### REQUIRED ACTION
From the line containing "Cow, Hungarian Grey breed — photo 2" to the last line of the listing, both included, copy every line exactly and drop the pictures.

### SOURCE DATA
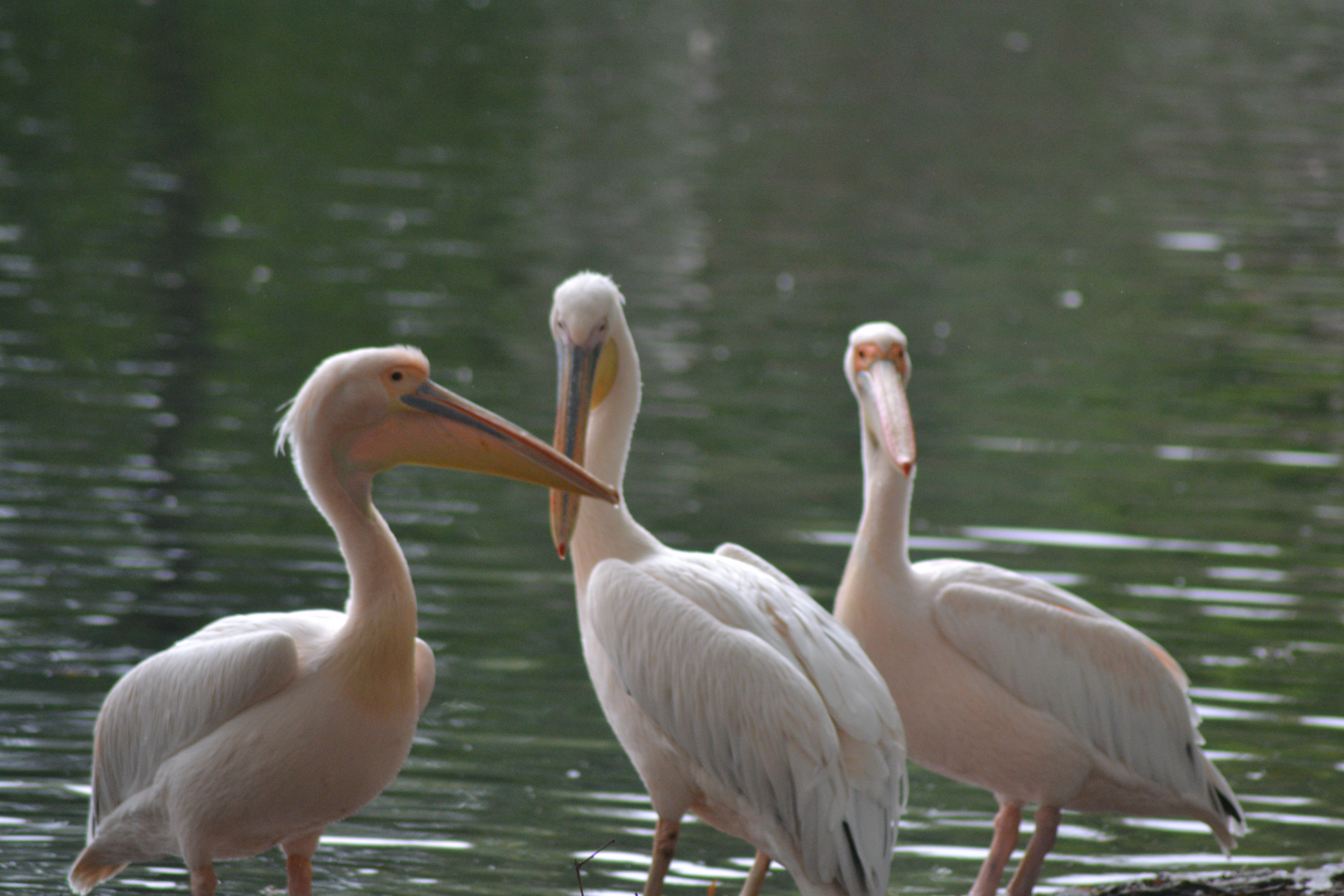 Pelicans near a pond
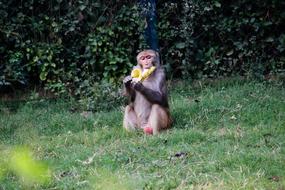 Banana Monkey Green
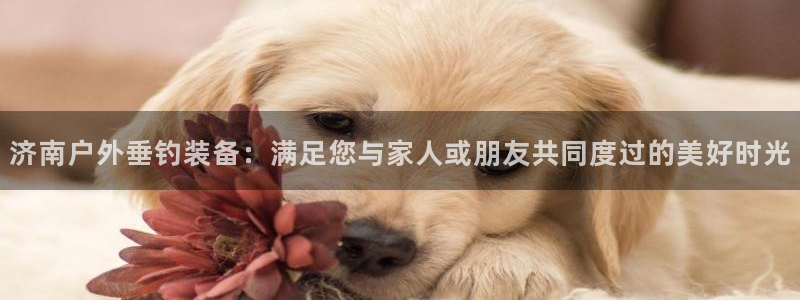 谁有新宝GG
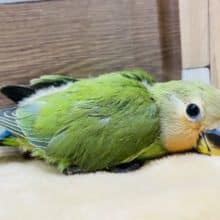 まだ緊張気味だけど食欲旺盛！コザクラインコノーマルヒナです♪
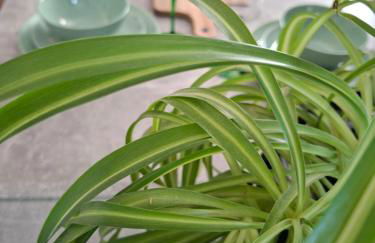 Hôte Stéphanois &parking - Foto 3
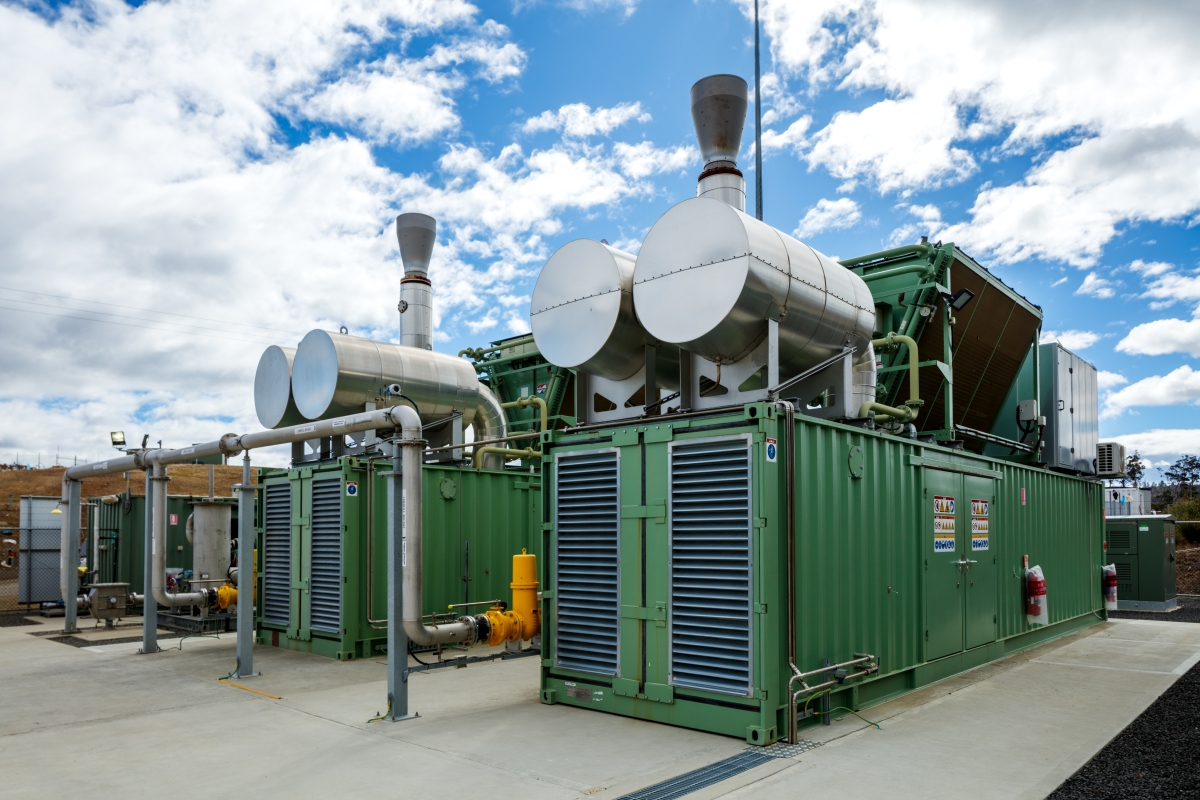 Copping Bioenergy Facility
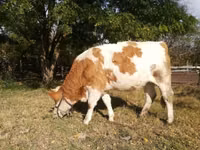 Cow, Hungarian Grey breed — photo 2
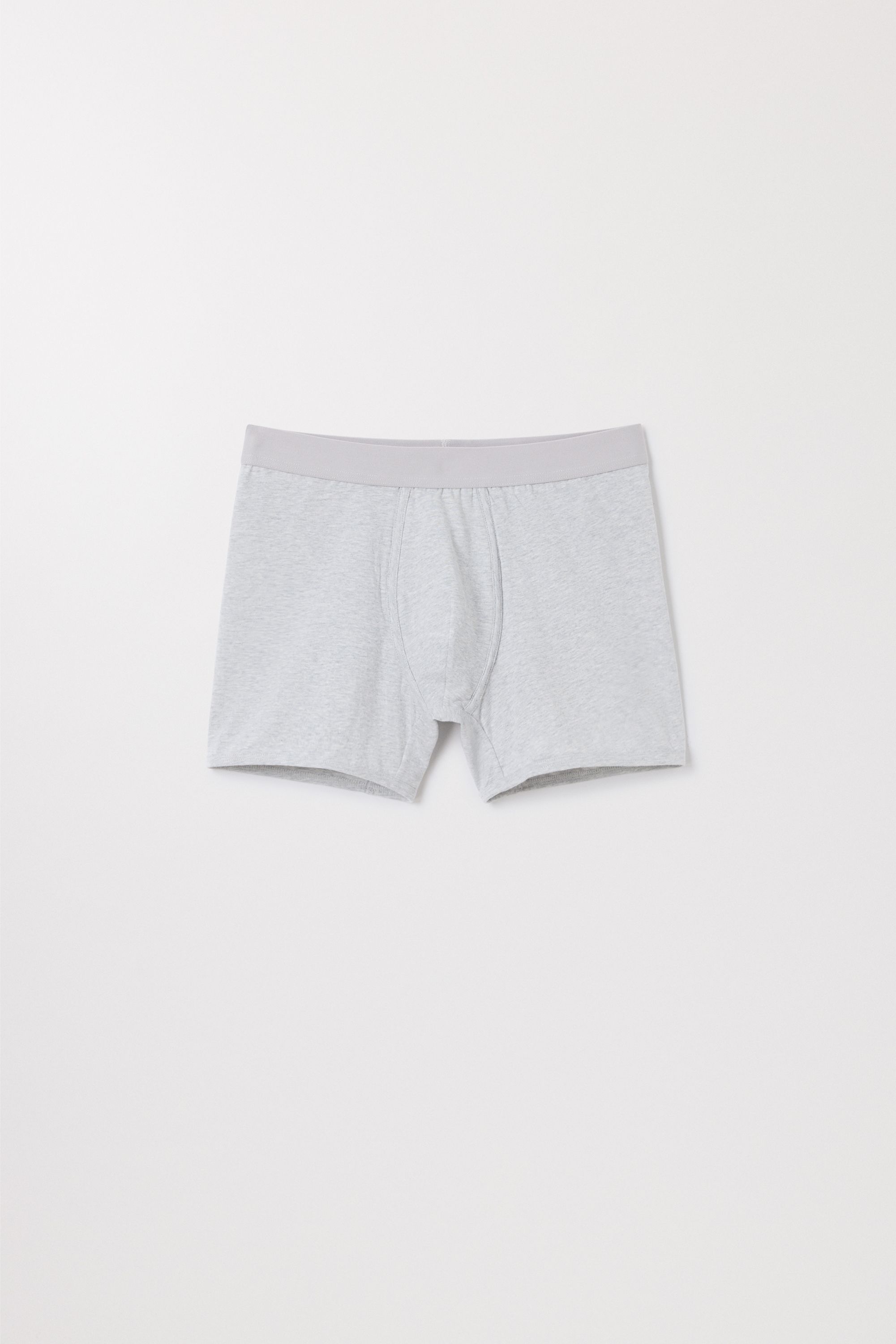 The Boxer Brief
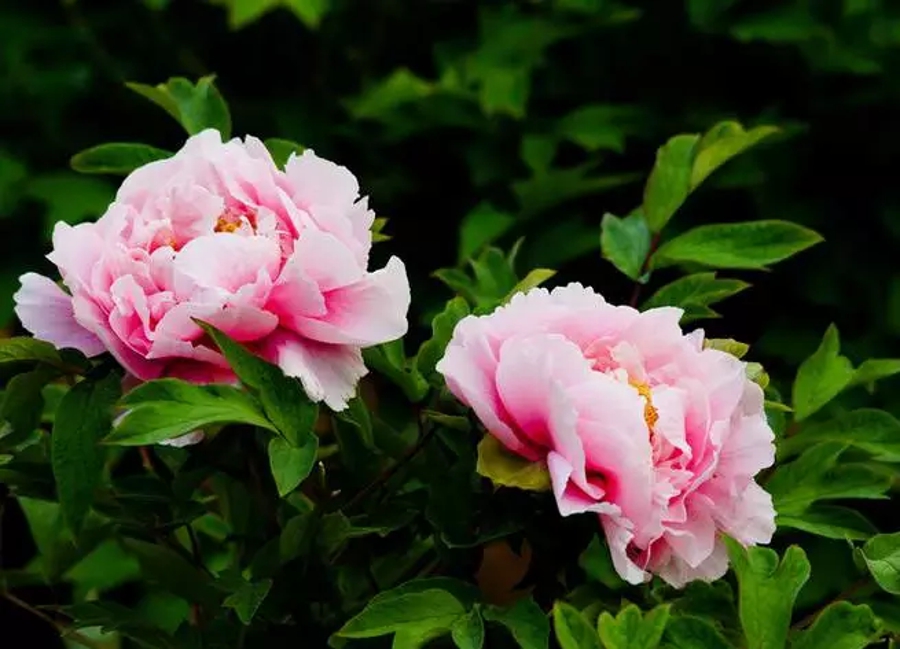 汉字的读音之美,汉字美的偏旁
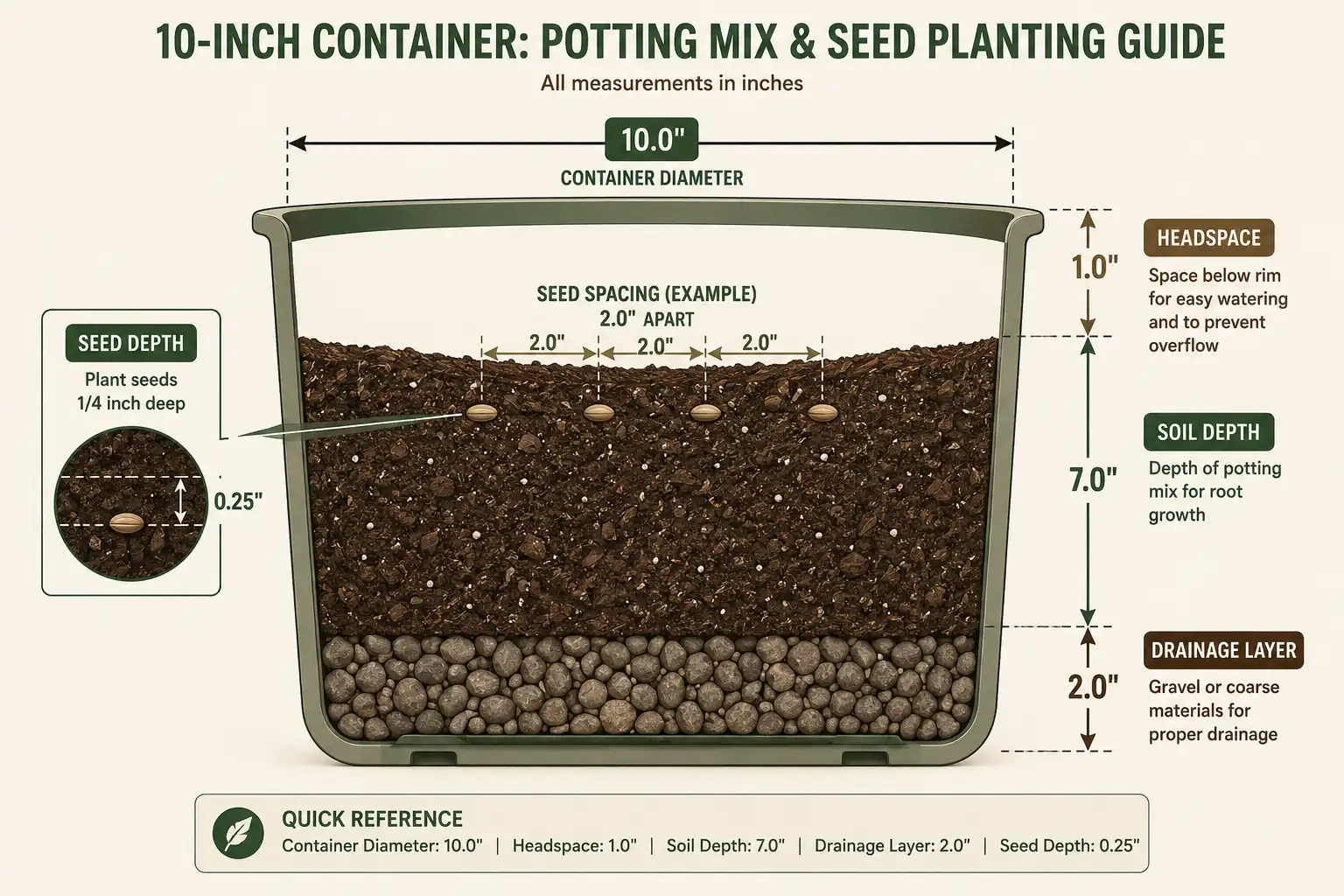 Cross-section diagram of correct depth and spacing for planting lettuce seeds in a pot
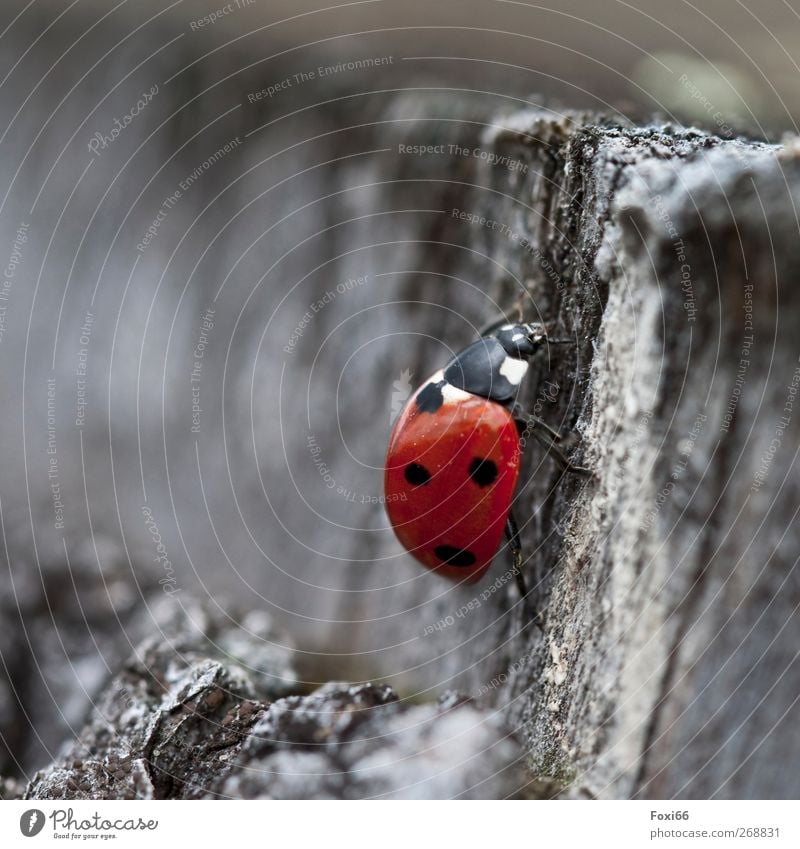 wo sind all die Blumen hin....? Natur Luft Frühling Baum Käfer Marienkäfer 1 Tier Holz Unendlichkeit natürlich rot schwarz weiß Bewegung Energie Erholung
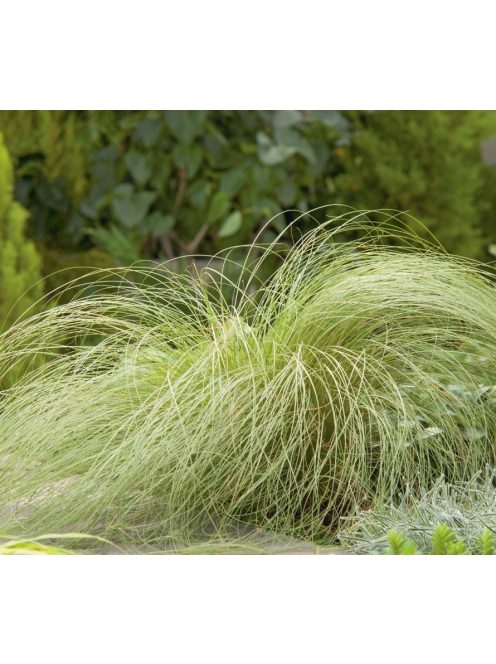 Fehér sás / CAREX albula 'Frosted Curls'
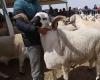 En Marruecos, la carne por kilo sustituye al cordero del Eid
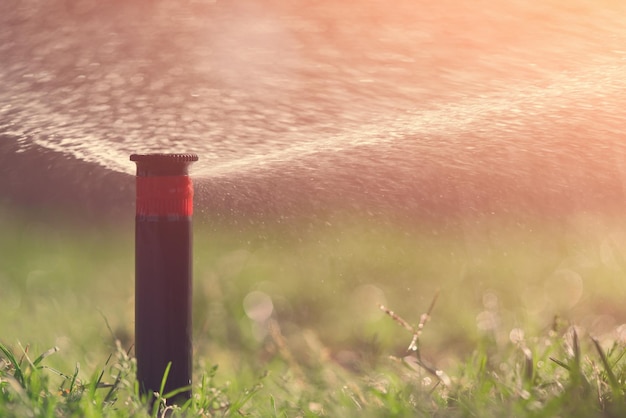 Éclaboussures d'eau d'un tuyau sur une pelouse verte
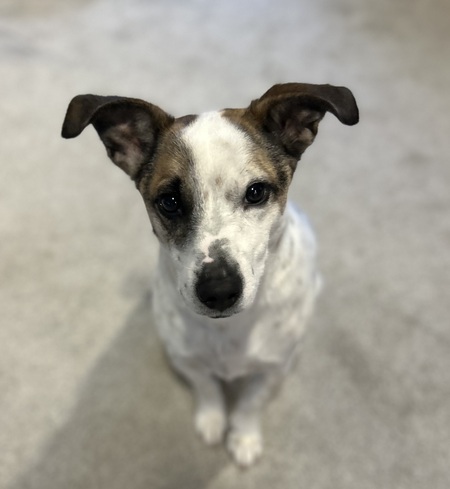 Pepper
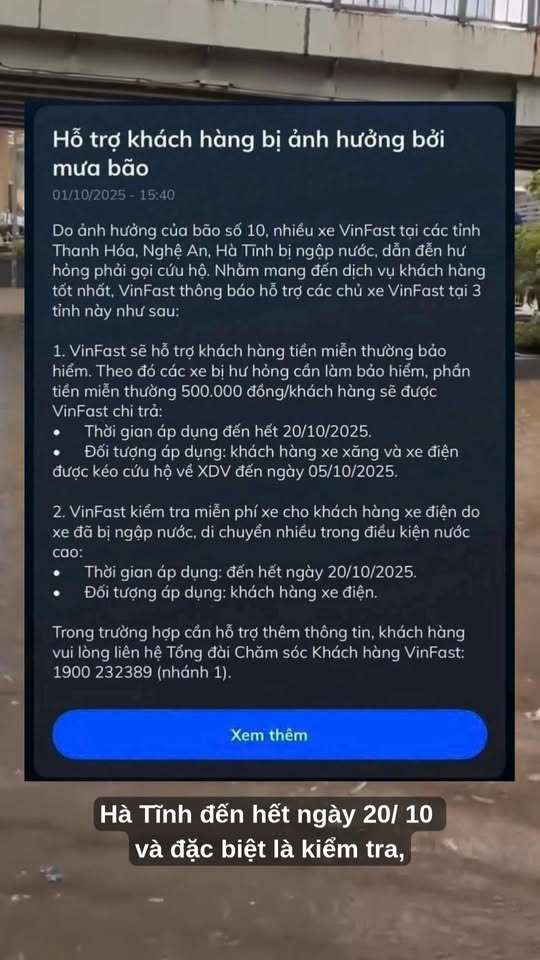 557741302 1229044742579276 564655931996953407 n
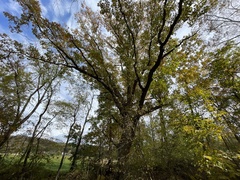 Quercus muehlenbergii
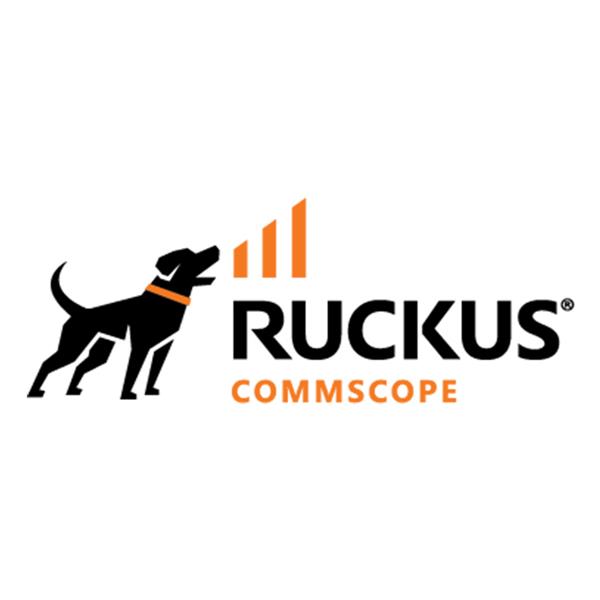 RUCKUS NETWORKS 826-RU55-3000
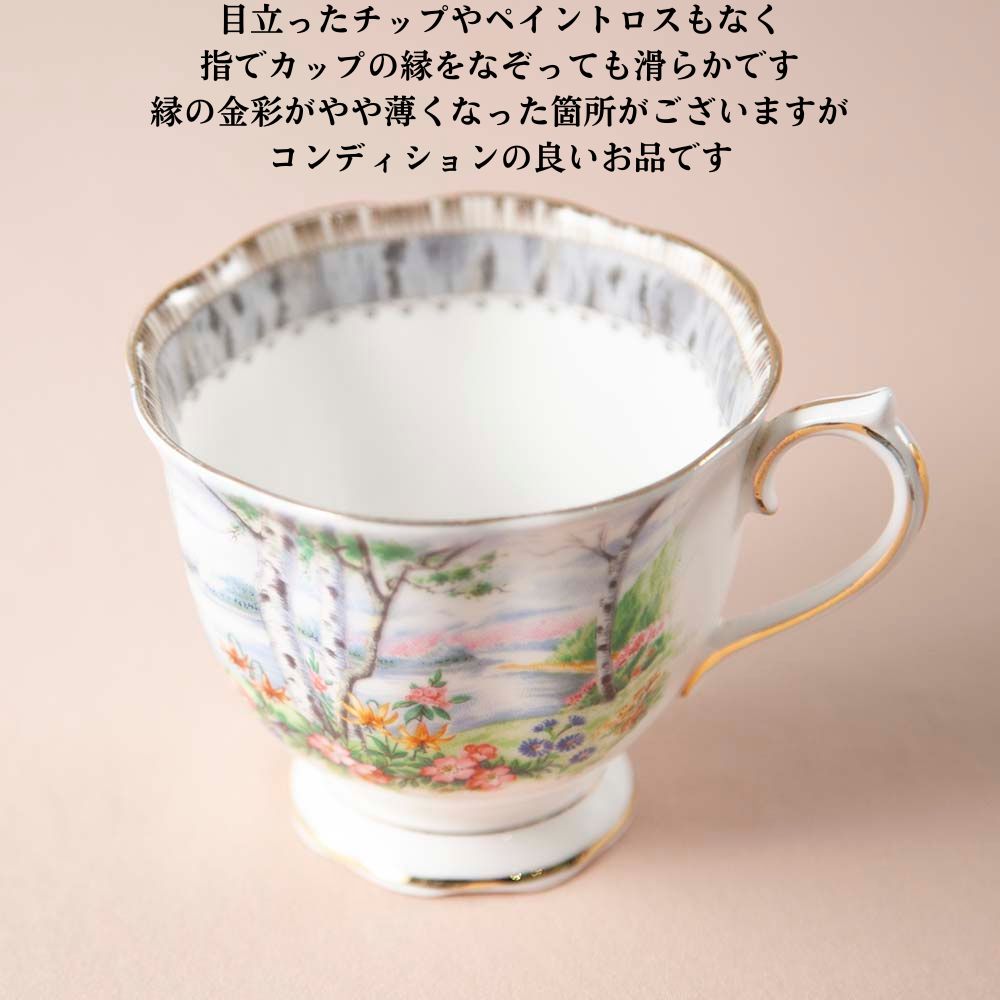 【新着商品】ロイヤルアルバート Royal Albert シルバーバーチ 白樺 トリオ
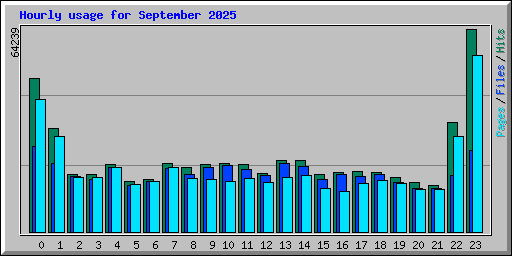 Hourly usage for September 2025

### EXPECTED OUTPUT
 Cow, Hungarian Grey breed — photo 2
 The Boxer Brief
 汉字的读音之美,汉字美的偏旁
 Cross-section diagram of correct depth and spacing for planting lettuce seeds in a pot
 wo sind all die Blumen hin....? Natur Luft Frühling Baum Käfer Marienkäfer 1 Tier Holz Unendlichkeit natürlich rot schwarz weiß Bewegung Energie Erholung
 Fehér sás / CAREX albula 'Frosted Curls'
 En Marruecos, la carne por kilo sustituye al cordero del Eid
 Éclaboussures d'eau d'un tuyau sur une pelouse verte
 Pepper
 557741302 1229044742579276 564655931996953407 n
 Quercus muehlenbergii
 RUCKUS NETWORKS 826-RU55-3000
 【新着商品】ロイヤルアルバート Royal Albert シルバーバーチ 白樺 トリオ
 Hourly usage for September 2025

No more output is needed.